# [TASK PROMPT]
Each line from the one with "Collana Lunga Da" to the final line of the data must be reproduced exactly, and no other line may appear.

(Source data)
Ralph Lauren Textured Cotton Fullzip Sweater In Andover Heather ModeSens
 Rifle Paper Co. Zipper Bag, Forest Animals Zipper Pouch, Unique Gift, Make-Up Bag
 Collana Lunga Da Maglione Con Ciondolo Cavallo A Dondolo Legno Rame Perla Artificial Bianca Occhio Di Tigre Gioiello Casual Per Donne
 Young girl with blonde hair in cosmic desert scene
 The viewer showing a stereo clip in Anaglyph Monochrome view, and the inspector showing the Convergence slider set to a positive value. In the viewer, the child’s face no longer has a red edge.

# [SOLUTION TO THIS TASK]
 Collana Lunga Da Maglione Con Ciondolo Cavallo A Dondolo Legno Rame Perla Artificial Bianca Occhio Di Tigre Gioiello Casual Per Donne
 Young girl with blonde hair in cosmic desert scene
 The viewer showing a stereo clip in Anaglyph Monochrome view, and the inspector showing the Convergence slider set to a positive value. In the viewer, the child’s face no longer has a red edge.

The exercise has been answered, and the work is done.